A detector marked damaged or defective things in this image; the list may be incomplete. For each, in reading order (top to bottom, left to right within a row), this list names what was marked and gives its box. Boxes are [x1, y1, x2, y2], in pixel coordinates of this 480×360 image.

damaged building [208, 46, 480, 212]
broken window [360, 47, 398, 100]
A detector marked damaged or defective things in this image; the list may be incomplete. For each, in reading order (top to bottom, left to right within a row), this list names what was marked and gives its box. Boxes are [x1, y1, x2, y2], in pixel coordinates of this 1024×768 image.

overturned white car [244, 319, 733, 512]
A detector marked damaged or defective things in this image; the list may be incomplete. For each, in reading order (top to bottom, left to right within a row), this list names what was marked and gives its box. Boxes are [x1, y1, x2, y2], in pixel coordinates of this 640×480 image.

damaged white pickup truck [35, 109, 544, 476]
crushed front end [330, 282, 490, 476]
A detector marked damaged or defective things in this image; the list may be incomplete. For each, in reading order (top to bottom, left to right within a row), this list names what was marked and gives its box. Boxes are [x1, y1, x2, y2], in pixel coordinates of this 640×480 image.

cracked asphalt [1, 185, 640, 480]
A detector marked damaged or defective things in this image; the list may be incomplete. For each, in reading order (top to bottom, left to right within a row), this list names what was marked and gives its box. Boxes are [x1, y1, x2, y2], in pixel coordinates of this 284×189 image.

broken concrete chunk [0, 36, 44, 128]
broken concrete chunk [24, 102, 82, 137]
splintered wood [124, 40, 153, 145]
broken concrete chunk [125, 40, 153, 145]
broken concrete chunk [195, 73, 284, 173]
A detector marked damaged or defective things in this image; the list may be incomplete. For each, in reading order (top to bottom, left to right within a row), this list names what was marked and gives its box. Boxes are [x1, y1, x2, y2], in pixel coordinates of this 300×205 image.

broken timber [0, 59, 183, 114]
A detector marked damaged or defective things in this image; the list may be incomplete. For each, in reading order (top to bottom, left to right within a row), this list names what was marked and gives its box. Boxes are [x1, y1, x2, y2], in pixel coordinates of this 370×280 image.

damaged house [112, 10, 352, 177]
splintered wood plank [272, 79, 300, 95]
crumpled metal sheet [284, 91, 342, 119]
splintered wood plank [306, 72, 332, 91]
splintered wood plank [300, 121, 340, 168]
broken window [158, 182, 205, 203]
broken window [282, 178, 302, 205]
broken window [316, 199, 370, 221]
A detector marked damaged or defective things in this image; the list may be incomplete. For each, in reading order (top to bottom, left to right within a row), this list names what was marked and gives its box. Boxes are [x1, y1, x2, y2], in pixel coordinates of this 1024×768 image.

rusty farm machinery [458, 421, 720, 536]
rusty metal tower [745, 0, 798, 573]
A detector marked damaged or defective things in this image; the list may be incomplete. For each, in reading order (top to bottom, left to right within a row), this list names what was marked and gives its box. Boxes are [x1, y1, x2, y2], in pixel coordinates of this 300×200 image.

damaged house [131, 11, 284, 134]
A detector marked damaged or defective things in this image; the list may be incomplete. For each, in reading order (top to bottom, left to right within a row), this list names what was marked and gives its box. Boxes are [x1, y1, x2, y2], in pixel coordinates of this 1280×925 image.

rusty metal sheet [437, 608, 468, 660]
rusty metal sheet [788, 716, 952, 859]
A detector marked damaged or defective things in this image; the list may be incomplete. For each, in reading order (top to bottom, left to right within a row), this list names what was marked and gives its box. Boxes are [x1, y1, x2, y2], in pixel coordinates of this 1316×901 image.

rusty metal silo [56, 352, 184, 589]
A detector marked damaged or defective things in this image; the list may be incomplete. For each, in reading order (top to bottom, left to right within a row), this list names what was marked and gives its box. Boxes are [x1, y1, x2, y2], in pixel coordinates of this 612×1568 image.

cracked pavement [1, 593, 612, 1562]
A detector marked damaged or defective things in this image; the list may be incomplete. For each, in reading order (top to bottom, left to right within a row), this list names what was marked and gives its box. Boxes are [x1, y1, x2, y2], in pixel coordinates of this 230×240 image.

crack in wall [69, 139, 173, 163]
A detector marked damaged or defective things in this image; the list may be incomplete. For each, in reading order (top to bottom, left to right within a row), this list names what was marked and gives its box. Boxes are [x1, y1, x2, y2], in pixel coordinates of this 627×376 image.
—————
### Your task
Repeat the lines from the one containing "this 230×240 image." through the end of the listing, exactly and without any other lines; both ends are included.

### Solution for this task
A detector marked damaged or defective things in this image; the list may be incomplete. For each, in reading order (top to bottom, left to right within a row), this list names what was marked and gives its box. Boxes are [x1, y1, x2, y2], in pixel coordinates of this 230×240 image.

crack in wall [69, 139, 173, 163]
A detector marked damaged or defective things in this image; the list may be incomplete. For each, in reading order (top to bottom, left to right within a row), this list names what was marked and gives its box. Boxes are [x1, y1, x2, y2], in pixel coordinates of this 627×376 image.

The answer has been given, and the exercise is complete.